On the way over I ran into some of the people I’d seen in the lost artifact room.  “Hey check this out!” I told them.  “I just got a copy of a book called “How The Mind Works”.  I’m going over to Starbuck’s to read it.  Can you imagine what it might say in a book called “How The Mind Works” in a lucid dream?”

They were excited too and followed me into the Starbucks.  We were all sitting together at a table.  I unzipped my backpack – another zipper!  I unzipped that one – still another zipper!  I closed my eyes.

OK, I told my subconscious mind, this is not funny!  Open the backpack!

I opened my eyes and unzipped again.  Another zipper!  Perhaps it was punishing me.  I should try to be respectful.  I closed my eyes again.

OK, PLEASE open the backpack.

This time when I opened my eyes the backpack had turned into a load of laundry!  The dream began to destabilize.  I considered spinning but decided instead, screw this!
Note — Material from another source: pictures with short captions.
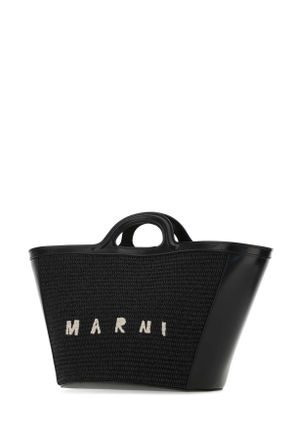 Marni Womens Black Leather And Raffia Small Tropicalia Summer Handbag 00n99 Borse A Mano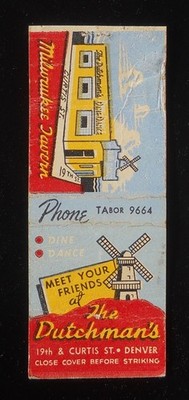 1950s The Dutchman's Milwaukee Tavern Dancing by Orchestra Curtis Map Denver CO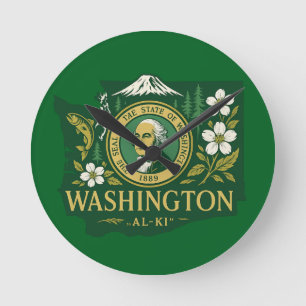  Washington state pride Round Clock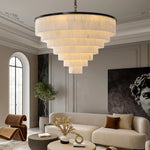 Multi-layer Moonshade Alabaster Chandelier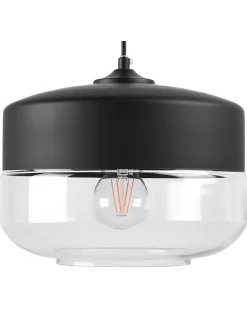 Candeeiro De Teto Em Metal Preto Com Vidro Murray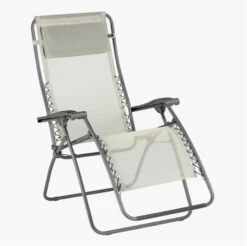Lafuma Mobilier RSXA Relax Stoel Met Cannage Phifertex, Beige/grijs
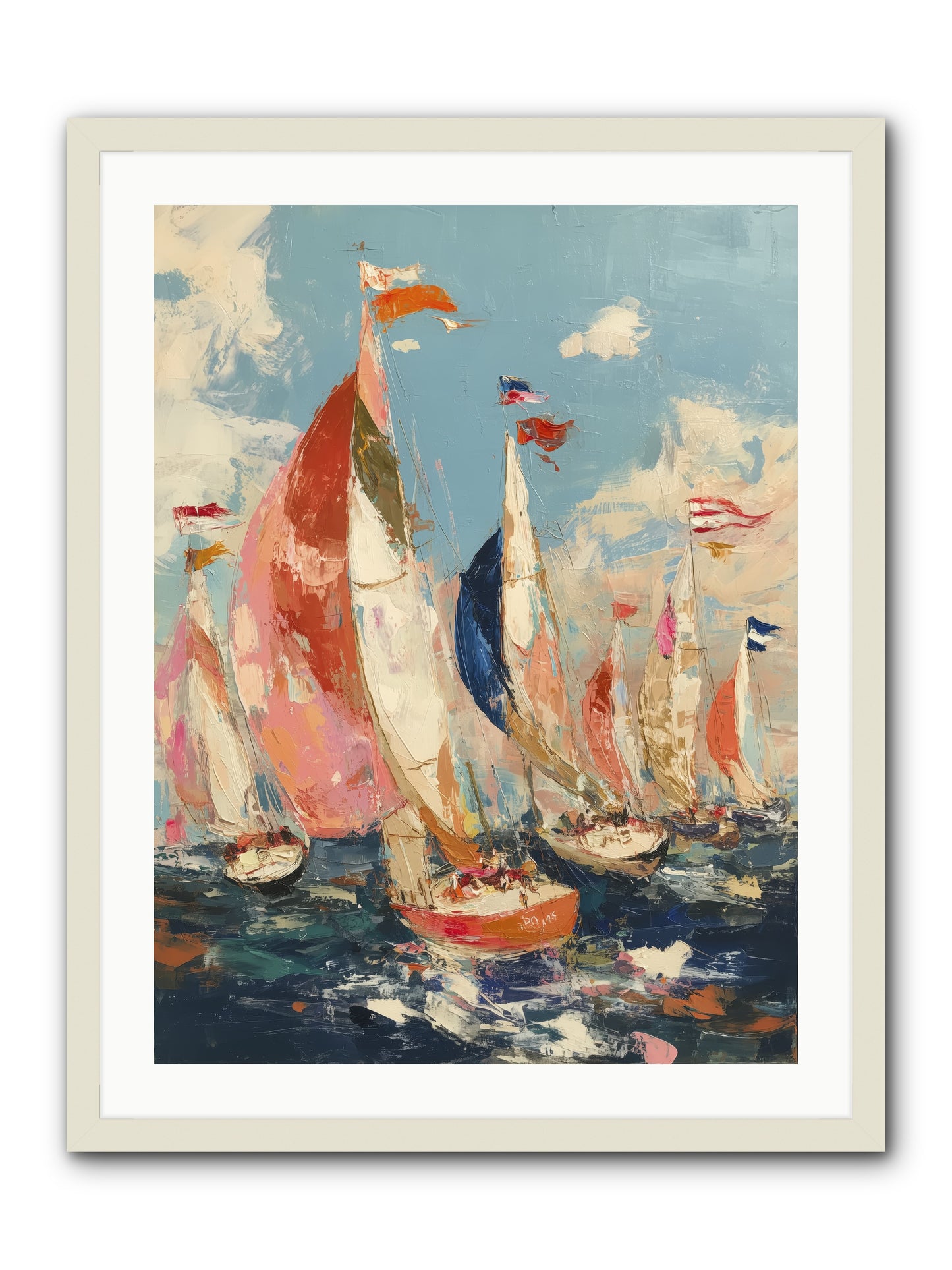 Wind and Wave -- Framed Print - White 24x32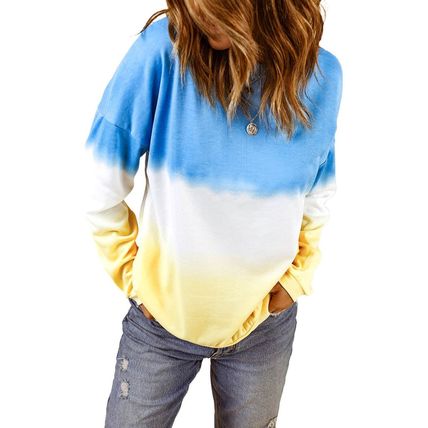 Blue Color Block Tie Dye Pullover Sweatshirt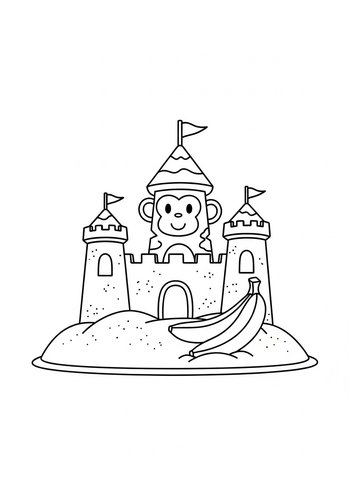Monkey Sandcastle Coloring Page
I woke up briefly and then went back to sleep.  I had several other less exciting dreams where I complained to dream characters about how I’d been wronged about that book.  In the very last one, I was lying on the sofa at my parents’ old house.  My dad and my brother John were there.  I was still complaining.

“Well the backpack is right there!” said my dad, pointing.

Sure enough – there it was on the floor next to the couch!  I grabbed it and unzipped it.  There was the book!  I took it out and opened it up.  Ugh!  It was full of 1950’s style psychobabble!

So I guess that’s how the mind works: it plays tricks on you!